714. Best Time to Buy and Sell Stock with Transaction Fee
1. Description
You are given an array prices where prices[i] is the price of a given stock on the $i^{th}$ day, and an integer fee representing a transaction fee.
Find the maximum profit you can achieve. You may complete as many transactions as you like, but you need to pay the transaction fee for each transaction.
Note:
- You may not engage in multiple transactions simultaneously (i.e., you must sell the stock before you buy again).

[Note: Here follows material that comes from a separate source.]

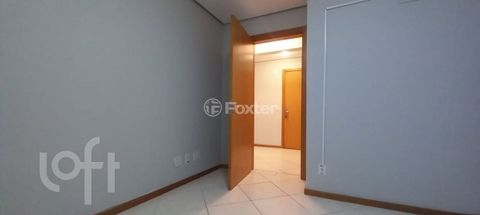Image 13 - 886150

- The transaction fee is only charged once for each stock purchase and sale.
2. Example
Example 1
Input: prices = [1,3,2,8,4,9], fee = 2
Output: 8
Explanation: The maximum profit can be achieved by:
- Buying at prices[0] = 1
- Selling at prices[3] = 8
- Buying at prices[4] = 4
- Selling at prices[5] = 9
The total profit is ((8 - 1) - 2) + ((9 - 4) - 2) = 8.
Example 2
Input: prices = [1,3,7,5,10,3], fee = 3
Output: 6
3. Constraints
- 1 <= prices.length <= 5 * $10^4$
- 1 <= prices[i] < 5 * $10^4$
- 0 <= fee < 5 * $10^4$
4. Solutions
Dynamic Programming
n = prices.size()
Time complexity: O(n)
Space complexity: O(1)
// Let dp[i][1] be the maximum profit on day i when holding one stock
// Let dp[i][0] be the maximum profit on day i when holding no stock
//
// State transitions:
// dp[i][1] = max(dp[i-1][1], dp[i-1][0] - prices[i] - fee)
// (keep holding, or buy today with transaction fee)
// dp[i][0] = max(dp[i-1][0], dp[i-1][1] + prices[i])
// (keep not holding, or sell today)
//
// Since dp[i] only depends on dp[i-1], we compress the DP states
// into constant space using two variables for each state.
class Solution {
public:
int maxProfit(const vector<int> &prices, const int fee) {
int a1 = -prices[0] - fee, b1 = 0, a2 = 0, b2 = 0;
const int n = prices.size();
for (int i = 1; i < n; ++i) {
a2 = max(a1, b1 - prices[i] - fee);
b2 = max(b1, a1 + prices[i]);
a1 = a2;
b1 = b2;
}
return max(b2, 0);
}
};